Cette opposition entre l’image de la femme et les femmes concrètes fait exister l’image de la dignité humaine aux côtés des individus réels. Cette procédure psychotique opère une dissociation du sujet de droit. La propriété de soi est démembrée en deux parties, l’usufruit et la nue-propriété, chacune appartenant à des entités juridiques disjointes. L’"usus", la jouissance de son corps reste aux mains de l’individu, mais à condition qu'il en fasse un bon usage.

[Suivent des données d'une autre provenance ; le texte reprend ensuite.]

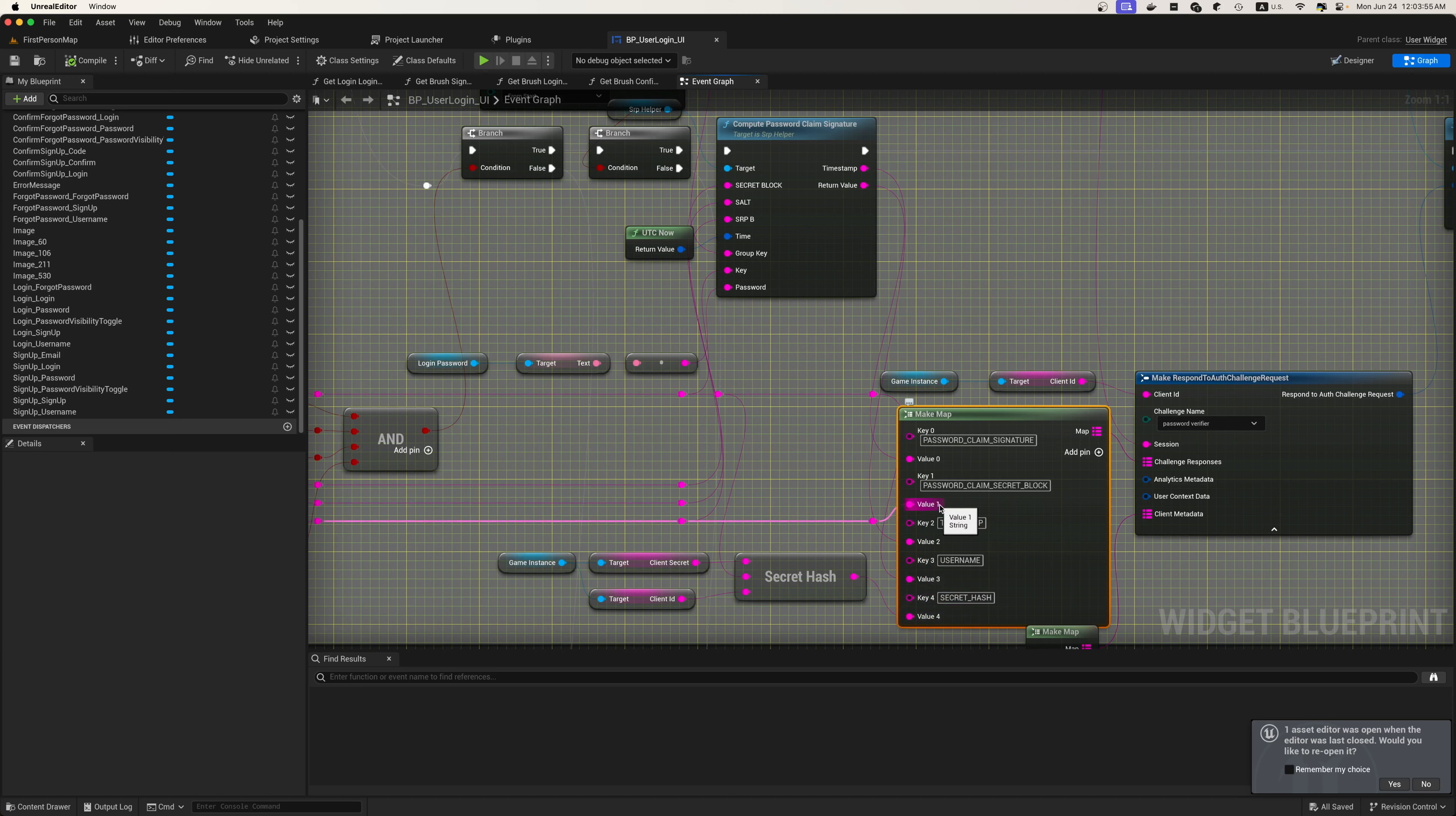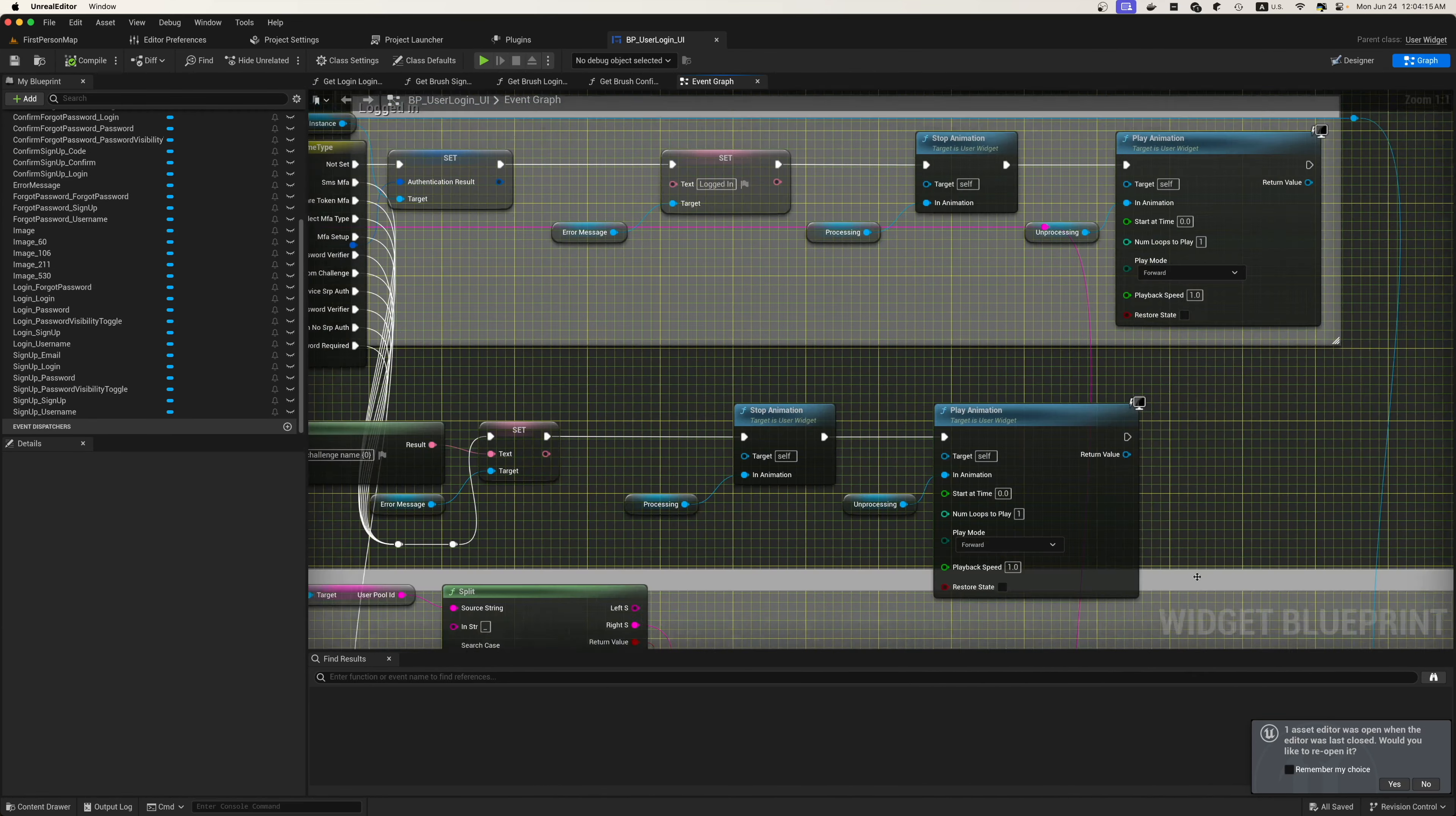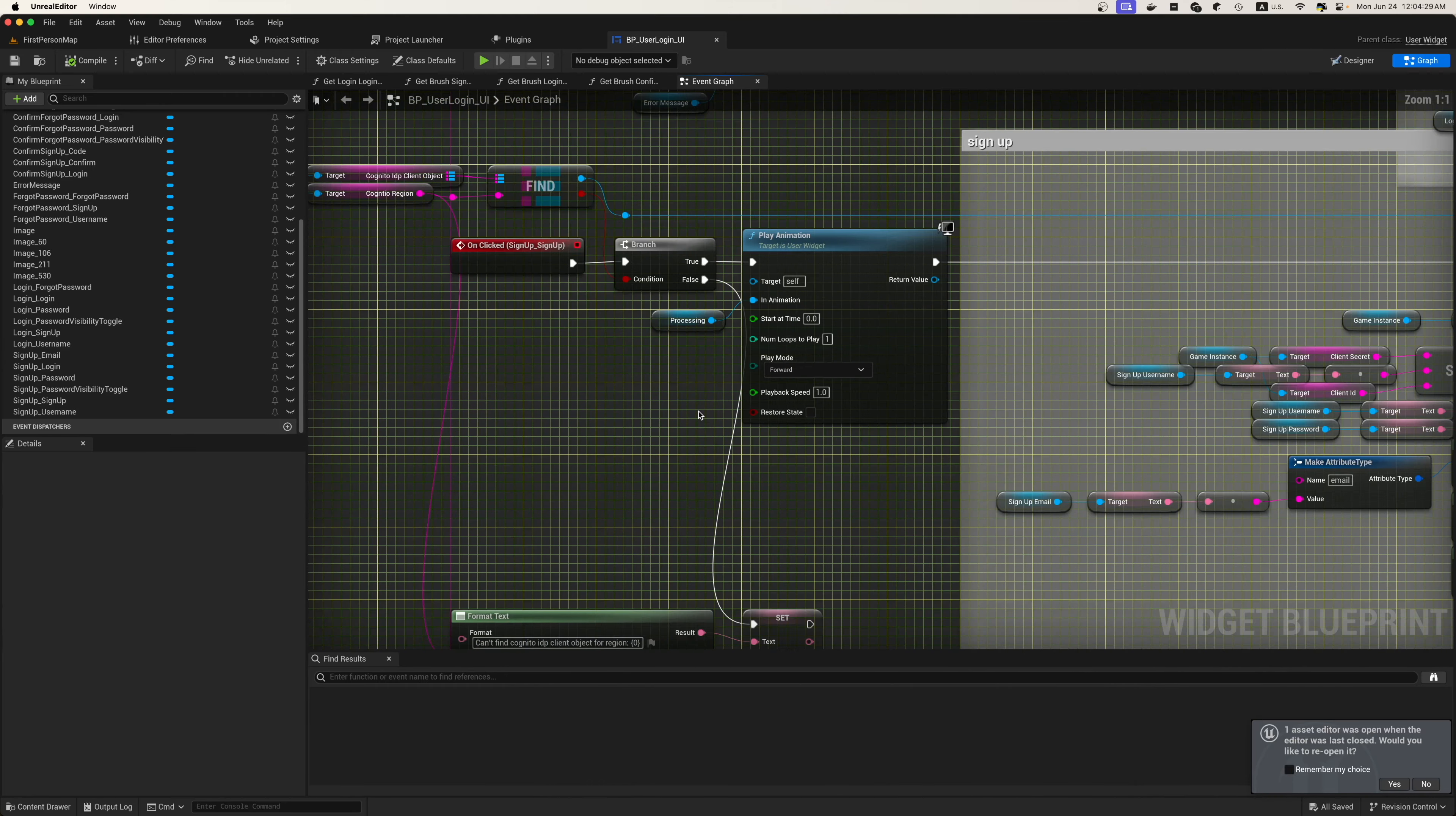We'll pass in the values in order to make a respond to authentication challenge request. These will be our challenge parameters for our SRP login. Then we will respond to that authentication challenge. Up here, if there's no challenge, we will set the authentication results, set logging in, and play an animation to log the user in.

Il ne peut l’altérer, en "épuiser la substance". L’utilisation doit respecter les droits du nu propriétaire, être conforme à l’image de la dignité humaine, dont l’Etat et ses représentants seraient les dépositaires.

L’image de la dignité de la femme, que l’on retrouve dans les positions du CDH et dans les propositions du rapport de l’Assemblée Nationale française, consacre la dignité de la personne humaine comme un élément d’organisation du système social par l’éthique. La post-modernité renoue ainsi avec une conception jusnaturaliste du droit (NdlR en rapport avec le droit naturel), basée sur une conception chrétienne de l’homme créé à l’image de Dieu. Toute dégradation de la dignité humaine était un avilissement de l’image divine. La conception laïque de la dignité humaine n’existe plus comme rapport de l’homme à Dieu, mais comme "rapport de soi à soi" ou, plus précisément, comme rapport de l’homme à son image. Cependant, elle reste bien dans la dimension du sacré, puisqu’elle consacre ce principe comme un droit absolu, de nature transcendantale, inconciliable avec d’autres droits fondamentaux, dont le principe de liberté ou celui de disposer de son propre corps. Les propositions du parti humaniste, comme les positions laïques et républicaines des parlementaires français, nous placent ainsi au delà du politique, de la pluralité et de la confrontation des points de vue. Elles nous inscrivent directement dans l’unicité de l’image de l’Homme, dans le religieux.

(1)Annick Hovine, "Sanctionner les clients ?", interview de Céline Frémault, La Libre, le 10 mai 2011.

(2)"Faut-il pénaliser les clients des prostituées", La Libre, le 13 mai 2011.